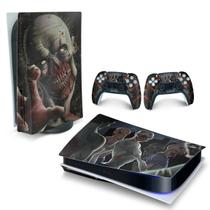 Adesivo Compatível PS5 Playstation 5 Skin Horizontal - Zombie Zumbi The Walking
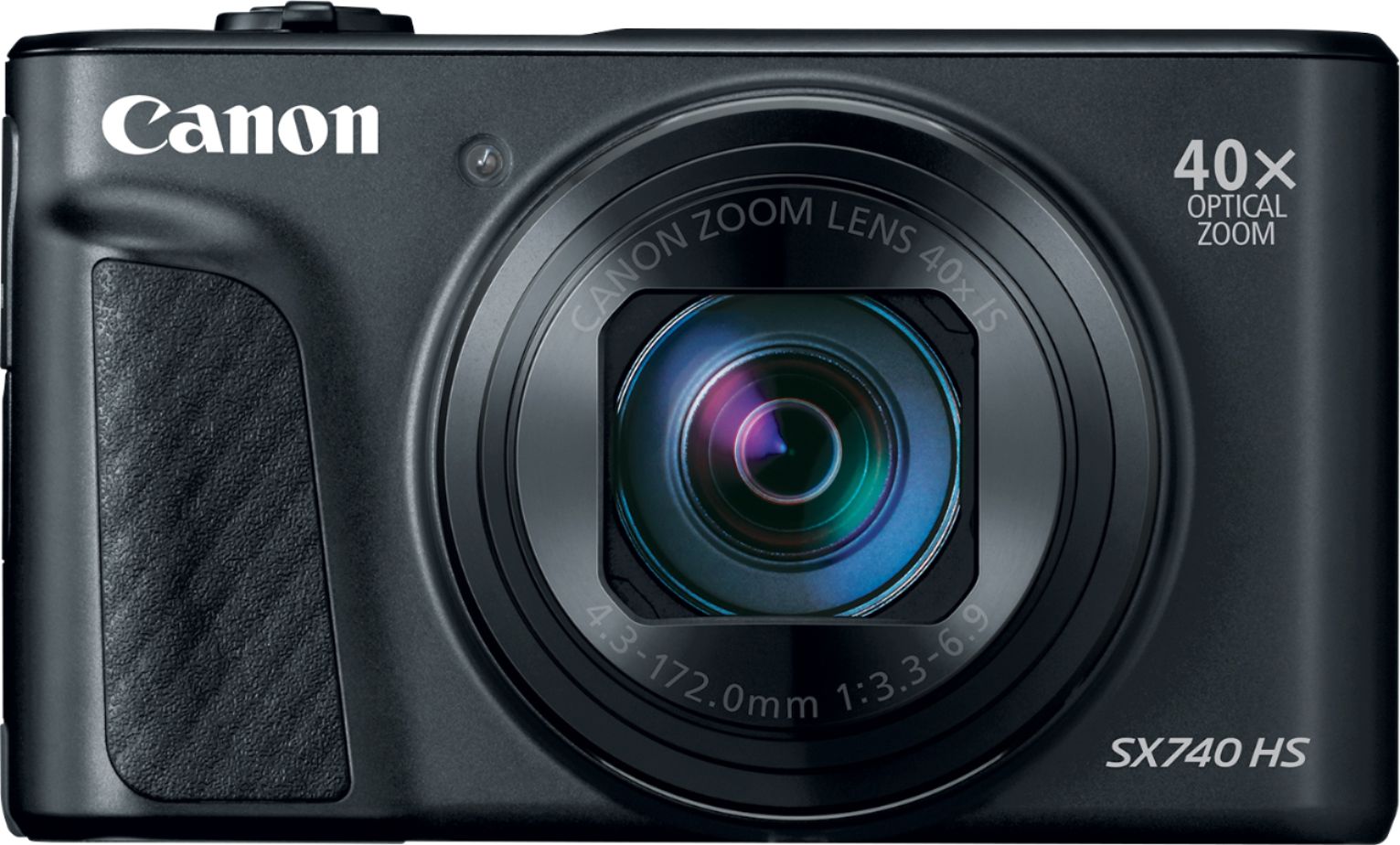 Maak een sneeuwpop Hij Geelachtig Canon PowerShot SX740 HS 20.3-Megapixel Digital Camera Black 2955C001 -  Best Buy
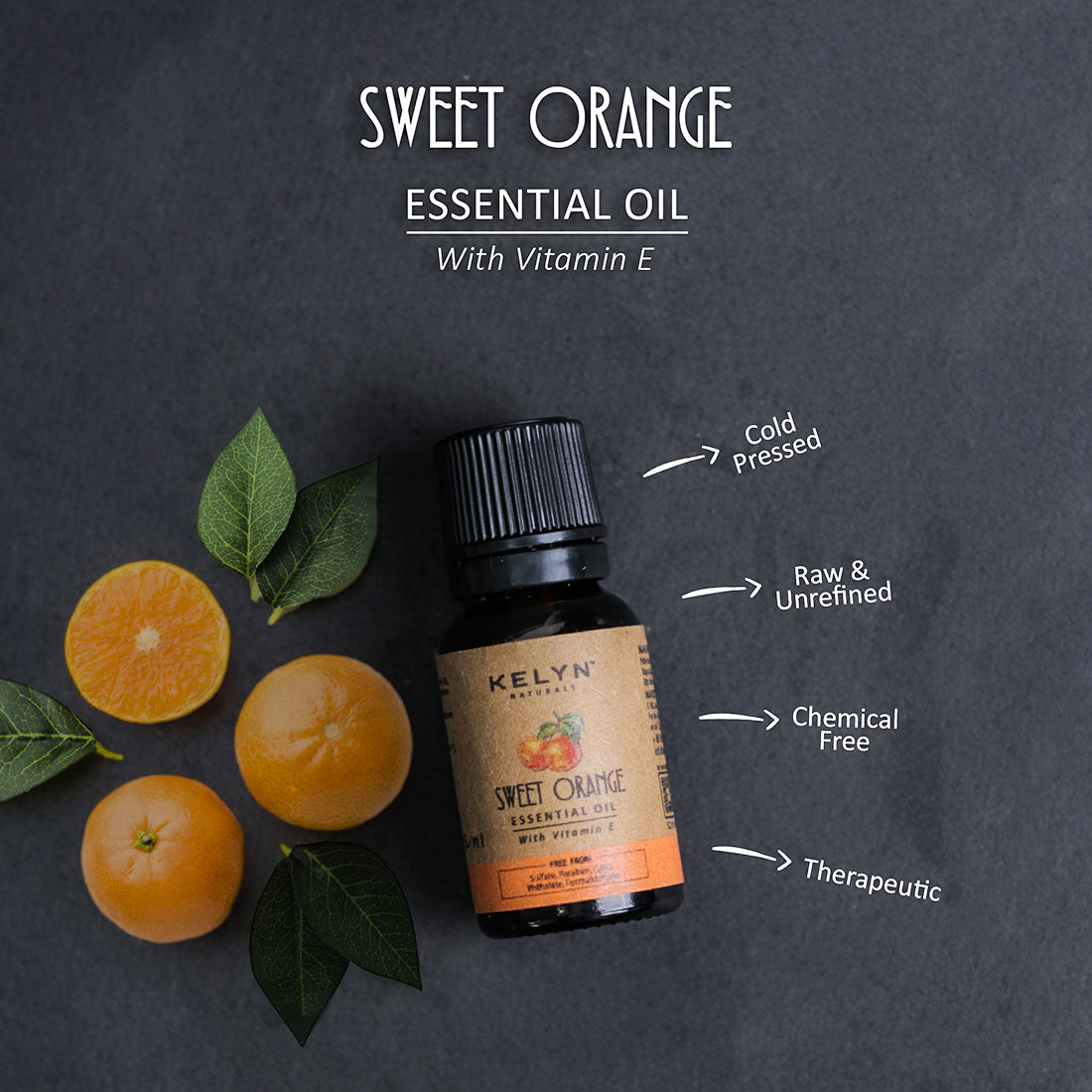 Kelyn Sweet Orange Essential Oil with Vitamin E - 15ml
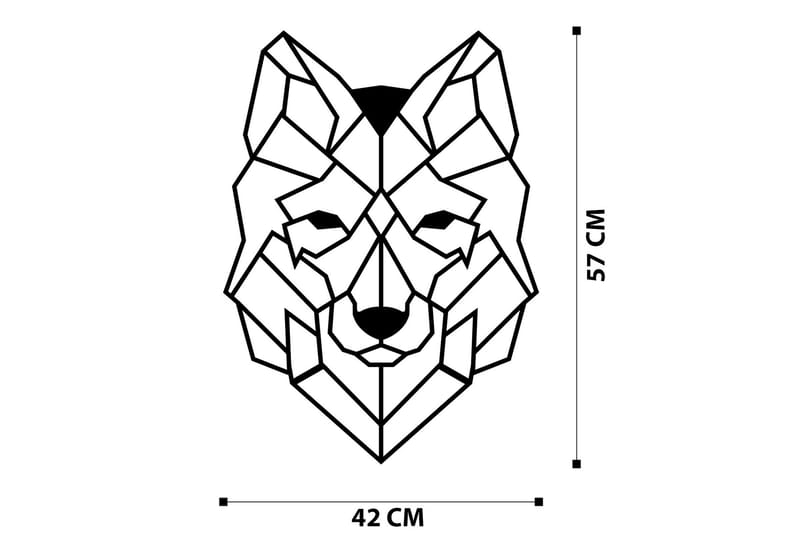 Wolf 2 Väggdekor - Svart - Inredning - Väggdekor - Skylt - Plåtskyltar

========================

▸ **ABOUT THIS EXERCISE**
Restate each line from the start of the listing through the line bearing "Kelyn Sweet Orange" word for word. Drop the pictures.

▸ **EXPECTED ANSWER**
 Adesivo Compatível PS5 Playstation 5 Skin Horizontal - Zombie Zumbi The Walking
 Maak een sneeuwpop Hij Geelachtig Canon PowerShot SX740 HS 20.3-Megapixel Digital Camera Black 2955C001 -  Best Buy
 Kelyn Sweet Orange Essential Oil with Vitamin E - 15ml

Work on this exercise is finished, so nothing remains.